Tasha Alexander Reviews The Winter Palace Tasha Alexander is the author of the bestselling Lady Emily series. She
attended the University of Notre Dame, where she signed on as an English major in order to have a legitimate excuse for
spending all her time reading. A confirmed Anglophile from birth, she and her husband, novelist Andrew Grant, divide
their time between Chicago and the UK.
Like most lovers of historical fiction, I’m on constant lookout for a book into which I can completely disappear,
one that will engulf all my senses and, in effect, turn my couch into a time machine. I want the history to be accurate,
the characters to be compelling, and the story to make me reconsider preconceived notions about a period outside the
area of my expertise. Eva Stachniak’s The Winter Palace does all that in spectacular fashion.
The scandal, luxury, and political unrest rife in eighteenth century Russia provide a rich backdrop, and Stachniak
takes full advantage of all of it without sticking to the ordinary and expected. Instead of presenting Catherine the
Great at the peak of her powers, she gives us the infamous empress during her youth, when she was Sophie, a young German
duchess betrothed to the future Tsar Peter III. A not entirely welcome foreigner, Sophie is thrust into a court full of
corruption and deceit, where nothing is more important than have a source of reliable information. It is by taking
advantage of this circumstance that Stachniak gives her novel extra depth. Catherine is not the protagonist of The
Winter Palace. Stachniak tells her story through Barbara, a young woman whose heartbreaking life has led her to
employment as an ill-treated seamstress at the palace.
Until someone realizes she’d make a better spy.
Stachniak’s well-chosen protagonist enables her to give the novel a full and satisfying depiction of the Imperial
Court, seen not only through the eyes of the privileged nobility, but through a woman who is keenly aware of what goes
on above and below stairs. She brings to life the plight of the less fortunate and the delicate balance of truth and
lies necessary to survive in the murky labyrinth of Barbara’s world. Stachniak fills her novel with intricate
details--the opulence is all but tangible--but never does so at the expense of her story, which moves along at a clipped
pace. Her prose, lush and evocative, is as elegant as the fabled Amber Room at Catherine’s summer palace.

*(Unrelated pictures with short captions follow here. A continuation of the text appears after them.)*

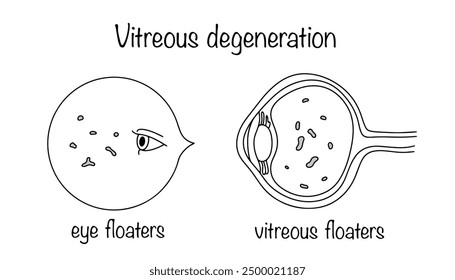 Vitreous degeneration. The appearance of inclusions in the vitreous body. The patient sees spots, threads, cobwebs, and “flies” in the field of vision. Human eye disease.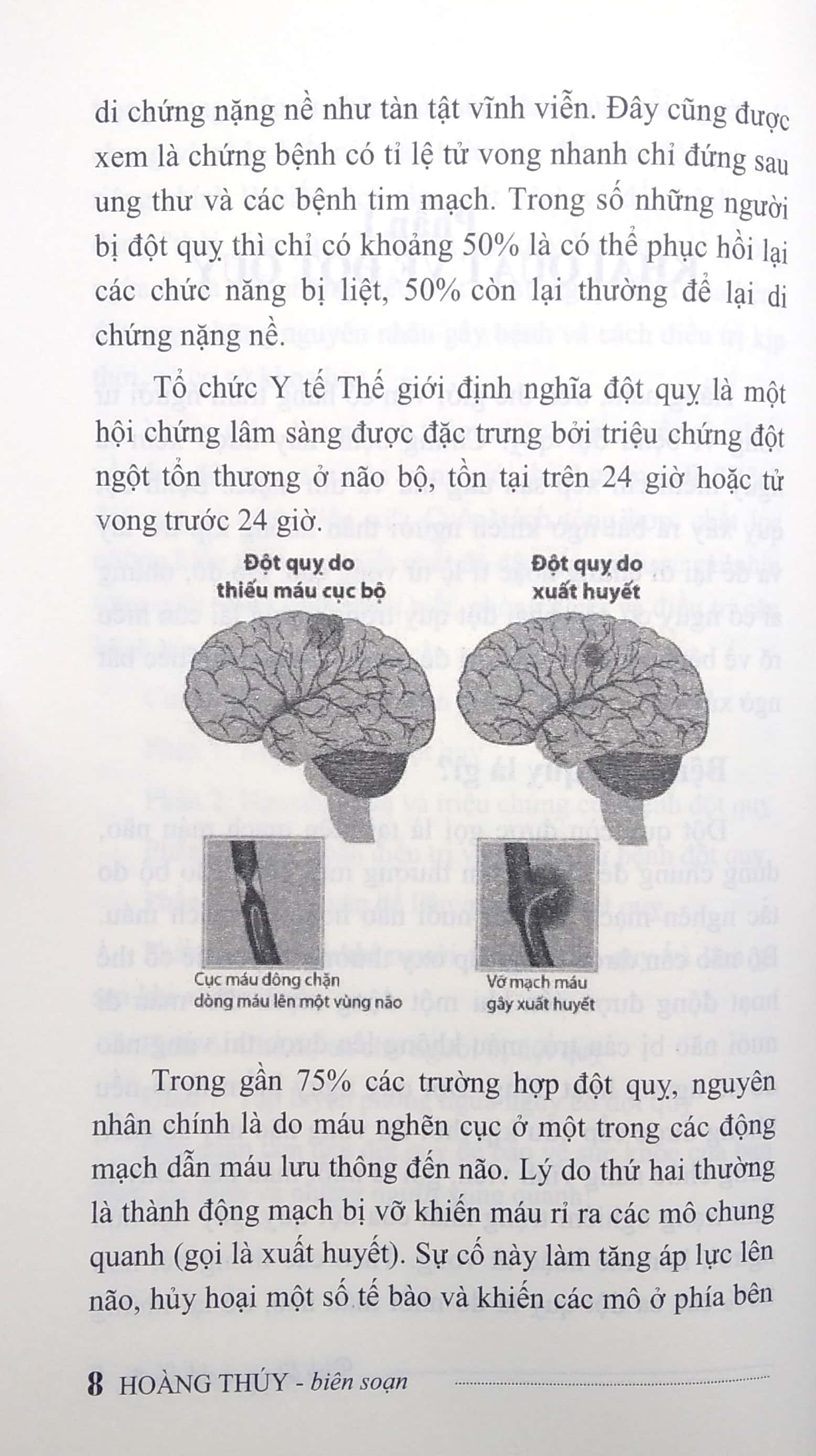 Sách Fahasa - Bệnh Đột Quỵ Và Cách Điều Trị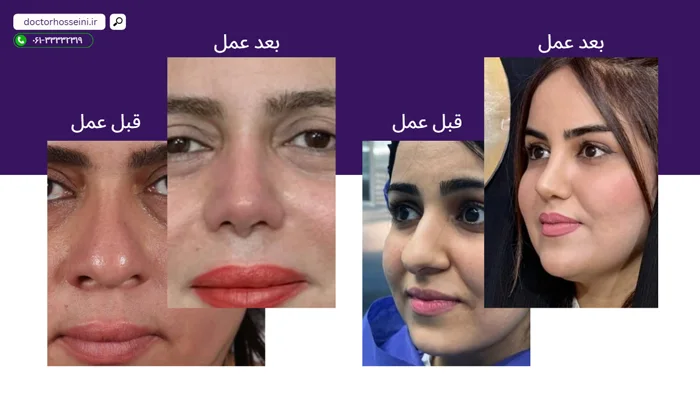 نمونه عمل بینی گوشتی توسط دکتر محمدعلی حسینی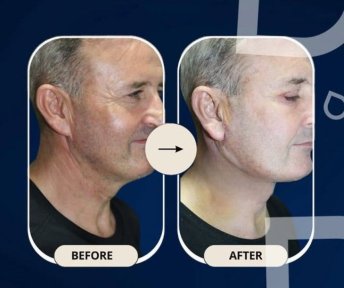 نتائج شد الرقبة قبل وبعد في عيادة TWT Health، تحسن واضح في شد الرقبة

The Winter Palace should secure Stachniak a place among the best historical novelists. It is one of those rare books
that grabs the reader and won’t let go, one that begs to be read again, one that lingers pleasantly in the mind long
after the finishing the last page. And for me, it proved itself in a more simple way: the minute I closed the book, I
wanted to get my hands on everything else Stachniak has written.